Democracia Socialista

Não basta condenar cada massacre sem ir às causas

O ataque das forças armadas de Israel contra o governo de Gaza, com milhares de vítimas, entre mortos e feridos, muitos de não combatentes, está despertando uma onda mundial de solidariedade aos moradores de Gaza e por tabela de apoio à causa palestina. Vistos como genocidas, os habitantes de Israel perdem a simpatia da opinião progressista, que começa a questionar se realmente o estado judeu continua tendo o direito a existir.

PAUL SINGER

É preciso ponderar que infelizmente esta “guerra de Gaza” é apenas mais um episódio de uma vendetta que opõe árabes e judeus desde os anos 1930, portanto há mais de duas gerações. Os que neste momento lançam foguetes contra civis, dos dois lados, são netos daqueles que iniciaram ações também genocidas numa época em que as duas comunidades ainda estavam sob o domínio do protetorado britânico. Não há espaço aqui para recordar os episódios destas guerras intermitentes. Mas não há dúvida que ambos os lados tomaram repetidamente a iniciativa de recorrer à força, quase sempre como resposta ou revide à agressão precedente do outro lado.

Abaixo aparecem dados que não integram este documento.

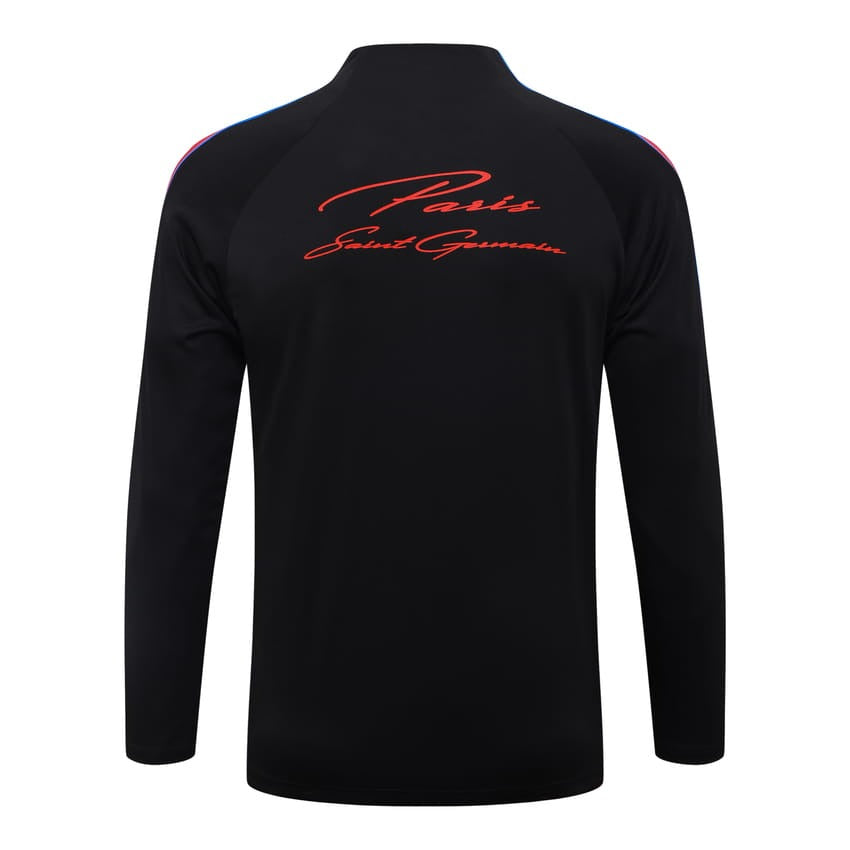 Survetement-PSG-Training-Homme-Enfant-2026-2027-Noir-Rouge-4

O que importa é reconhecer que dos dois lados – dos judeus e dos palestinos – há e sempre houve muita gente que abomina os massacres sofridos e os massacres perpetrados, com ânsia de construir bases consistentes de convivência entre os dois povos. Em vários momentos palestinos e judeus com este propósito foram maioria em suas comunidades e as negociações de paz entre os seus representantes políticos pareciam se encaminhar a um desfecho positivo. Nestes momentos os grupos que recusam qualquer conciliação – novamente dos dois lados – intensificam os ataques contra a população inimiga, o que nunca deixa de provocar revides ainda mais sangrentos. O resultado é que as correntes pacifistas judias e palestinas rapidamente perdem apoio para os intransigentes do seu próprio povo, levando ao fracasso o processo de paz encetado.

Este condicionamento recíproco não fica claro para grande parte da opinião pública mundial porque Israel goza de inegável superioridade militar em relação aos palestinos. Os atentados genocidas perpetrados pelo lado mais fraco têm dimensões menores e menos dramáticas que os perpetrados pelo lado mais forte, de modo que qualquer balanço de sangue derramado revela uma trágica ‘vantagem’ dos judeus. Consequentemente, pesa sobre eles uma parcela bem maior de responsabilidade pelos massacres havidos e em curso do que sobre os palestinos. Isto pode até ser justificado, mas em nada contribui para fazer cessar os massacres, pois é evidente que qualquer processo de trégua, armistício e paz exige demonstrações de vontade de transigir dos mais fortes e dos mais fracos.

Exigir neste momento que cessem os ataques israelis à população de Gaza é necessário, sendo de se notar as manifestações neste sentido de soldados israelis com apoio de intelectuais e personalidades judeus, dentro e fora de Israel. Provavelmente deve haver manifestações no mesmo sentido entre os palestinos. A única esperança de por fim à vendetta é dar apoio público em cada país àqueles que efetivamente lutam contra os acumuladores do ódio, tanto em Israel como nos territórios palestinos. Isto é exatamente o oposto do que fazem os que se manifestam ostensivamente a favor de um dos lados sem levar em consideração os direitos à vida em paz dos que se encontram do outro lado.

É preciso unir de fato judeus e árabes que sinceramente se dispõem a lutar pela paz, não só no Oriente Médio, mas nas Américas, na Europa, África, Ásia e Oceania. Só quando os que se recusam ao fratricídio dos dois lados se sentirem apoiados pela maioria da opinião pública mundial, crescerão as chances de paz entre judeus e palestinos. Se os sulafricanos, sob a liderança de Mandela,  conseguiram superar os traumas de décadas de apharteid, todos os protagonistas de conflitos aparentemente irreconciliáveis também podem. No Brasil, líderes das comunidades árabes e judias vêm trabalhando neste sentido e é preciso lhes dar apoio para que não esmoreçam antes que a construção da paz esteja assegurada.